The New York Times interviewed a "noticeably" thinner Bernie Madoff in prison and, wouldn't you know it, he said that "unidentified banks and hedge funds were somehow 'complicit' in his elaborate fraud," and also this:

"They had to know," Mr. Madoff said. "But the attitude was sort of, ‘If you're doing something wrong, we don't want to know.'"

The banks, of course, deny it:

To date, none of the major banks or hedge funds that did business with Mr. Madoff have been accused by federal prosecutors of knowingly investing in his Ponzi scheme. However, Mr. Picard in civil lawsuits has asserted that executives at some banks expressed suspicions for years, yet continued to do business with Mr. Madoff and steer their clients' money into his hands.

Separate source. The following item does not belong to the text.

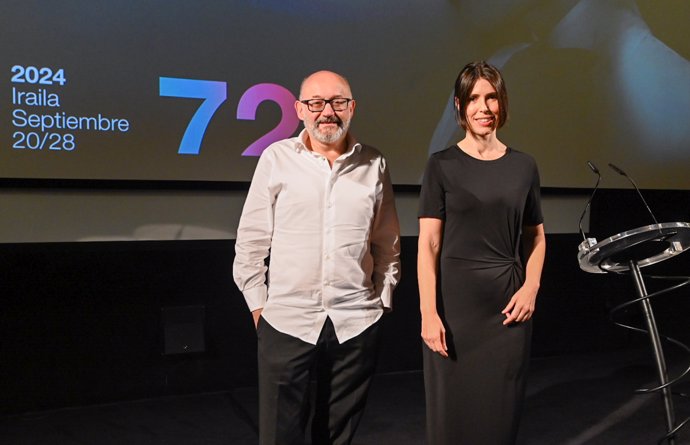 El director del festival Internacional de Cine Donostia-San Sebastián, José Luis Rebordinos, y la integrante del comité de Dirección del Festival Internacional de Cine de Donostia-San Sebastián, Ruth Pérez de Anucita, durante la presentación oficial de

All the financial entities facing civil lawsuits by Madoff victims and Mr. Picard have denied they had any knowledge of the fraud.

Madoff's interlocutor, Diana Henriques (who's writing a book about Madoff for the Times' vanity press) sounds vaguely unconvinced by the guy's accusations, maybe because she (or her paper) doesn't want to come right out and say it, but, come on, duh, right? I mean, how could they not have known?

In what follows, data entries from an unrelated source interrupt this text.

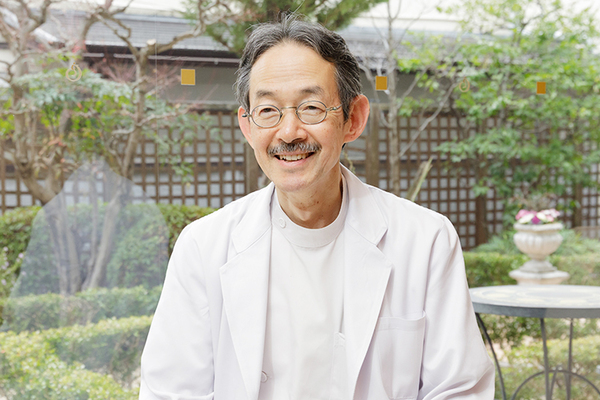 直原ウィメンズクリニック これまで数々の出産を手助けしてきた直原院長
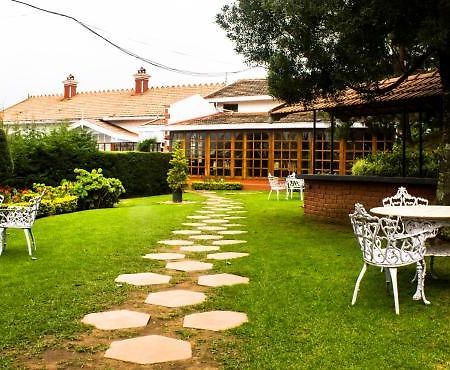 Kluney Manor Ооти Екстериор снимка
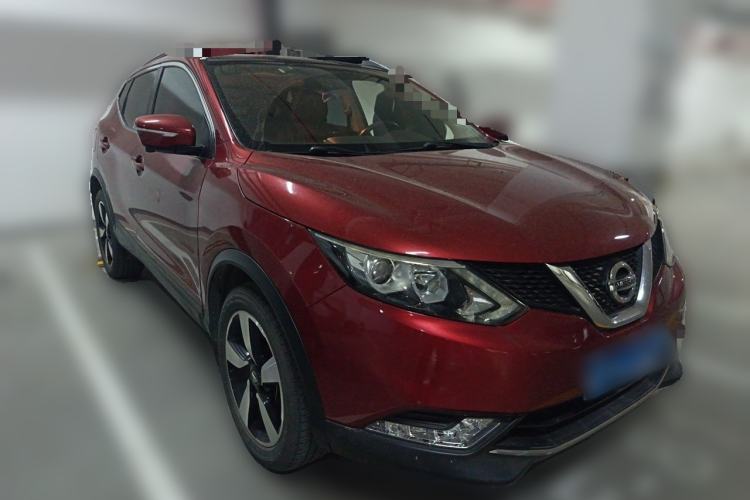 Used Nissan Qashqai 2016 2.0L CVT Luxury Edition Front Right 45 Deg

Sure, Madoff is the guilty one; he has no one to blame but himself; etc., but, really, any investment banker or hedge fund manager who was looking at his returns and didn't suspect something should probably not be in the business of dealing with large sums of money! Though, come to think of it, one thing the past five years have made clear is that very few investment bankers and hedge fund managers should be in the business of dealing with large sums of money, so maybe they actually could not spot a Ponzi scheme.